While all Jewish settlement in the West Bank, including expansion, is viewed as illegal by most of the world, Israel holds that the West Bank is disputed territory and that building there is legal. But even in Israel, some earlier construction in the Mattityahu East area is deemed problematic, because it was done without the required building permits.
The ruling stipulates that in rerouting the Bilin section of the barrier, Israeli plans for Mattityahu East B should not be a consideration, meaning that the area is likely to end up on the villagers’ side. In the assessment of Mr. Sfard, the lawyer, the ruling will translate into the return of at least 250 acres of farmland to the villagers’ side.
“Today it becomes completely clear that the route was determined by nonsecurity considerations with the goal of expanding the settlement of Modiin Illit as much as possible,” Mr. Sfard told Israel Radio. “The High Court invalidated this criterion.”
Bilin, with about 1,700 residents, had declared its campaign against the barrier one of nonviolent resistance, but the weekly demonstrations often ended with protesters throwing stones and Israeli forces firing tear gas and rubber bullets. Each side said the other had provoked it.
As news of the court ruling reached Bilin, jubilant villagers headed toward the fence.
“We went to court, hired the best lawyers in Israel, and we won,” Abdullah Abu Rahma, one of the leaders of the weekly protests, told The Associated Press.
Mr. Yassin, the council leader, hailed the ruling as a “victory.”

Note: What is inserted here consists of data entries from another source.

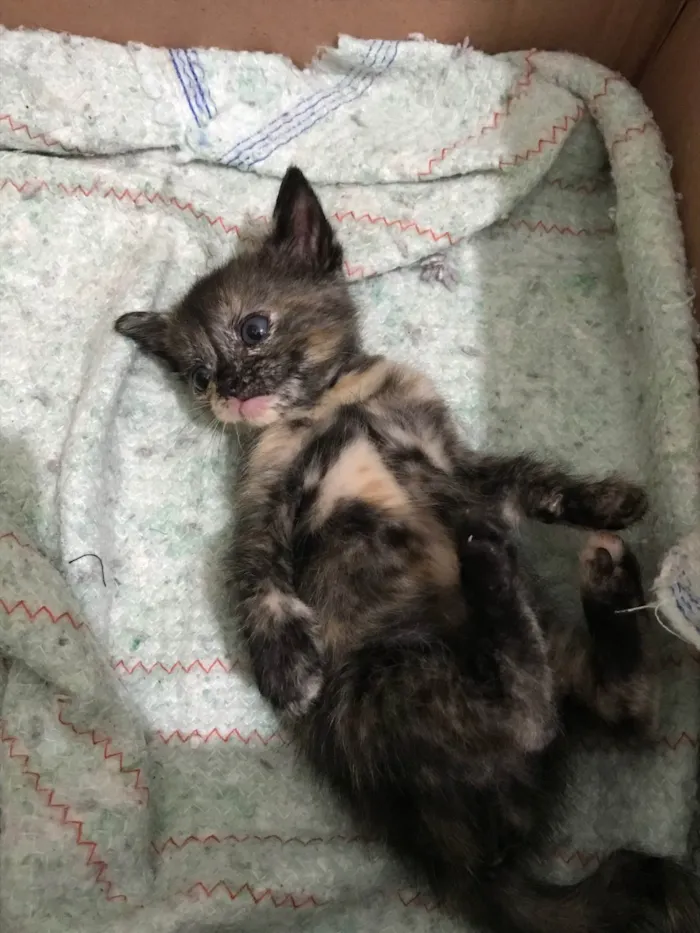 Gato ra a SRD-ViraLata idade Abaixo de 2 meses nome Amora 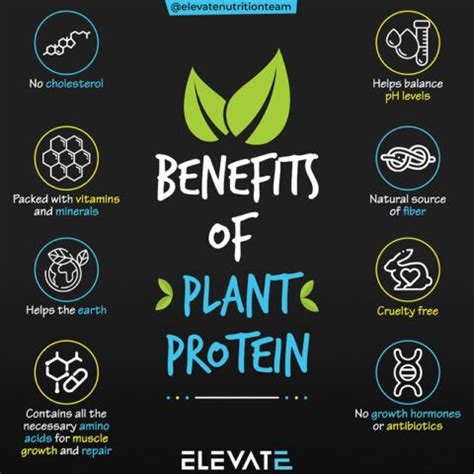 Benefits of Plant Protein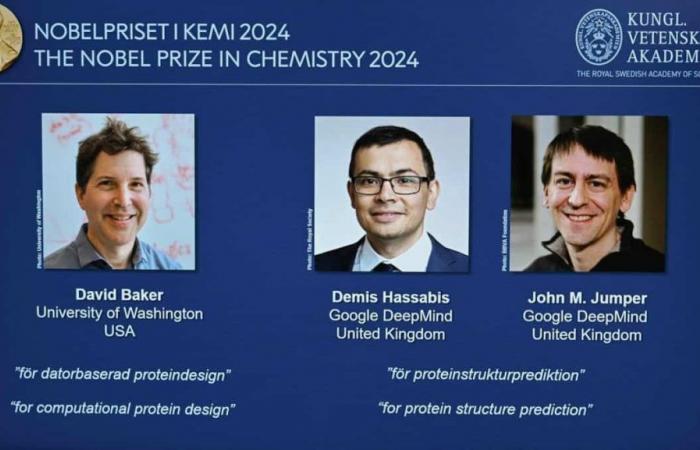 Nobel Prize in Chemistry rewards work on protein design and prediction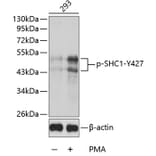 Western Blot - Anti-SHC1 (phospho Y427) Antibody (AP0266) - Antibodies.com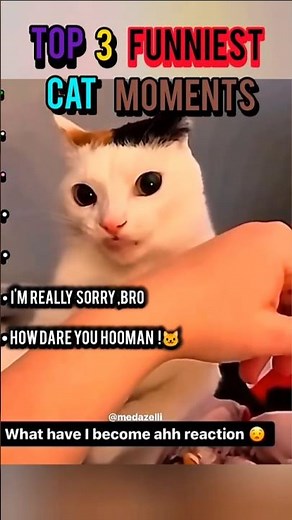 🔥 Top 5 Funniest Cat Moments 2025 – Try Not To Laugh Challenge 😂😸 (Viral Cat Compilation #cat #funny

Jonathan Pollack, of Anarchists Against the Wall, an Israeli group that participated in the protests, said the decision “proved that the people, when they choose to act, have the power over Israeli institutions.”
The High Court has often avoided domestically contentious issues, like the legality of the settlements, but when it comes to the barrier, which enjoys broad support among the Israeli public, it has often gone against the defense establishment.
In a landmark judgment in 2004, a week before The Hague ruling was announced, the High Court ordered the state to bring a 25-mile section of the barrier in the West Bank hills northeast of Jerusalem closer to the 1967 boundary, on grounds that the original route caused disproportionate harm to the rights of Palestinian villagers in the area.
But the Israeli court has upheld the principle of building the barrier in West Bank territory given convincing security reasons, and rules on a case-by-case basis. Last Wednesday, the High Court rejected a petition by Palestinian villagers against the barrier route near the Alfei Menashe Jewish settlement. The Palestinians had wanted the barrier moved closer to the 1967 boundary, and away from their homes.
The same day, the court rejected a petition by Alfei Menashe residents who had wanted the barrier moved farther from their settlement, into the West Bank land.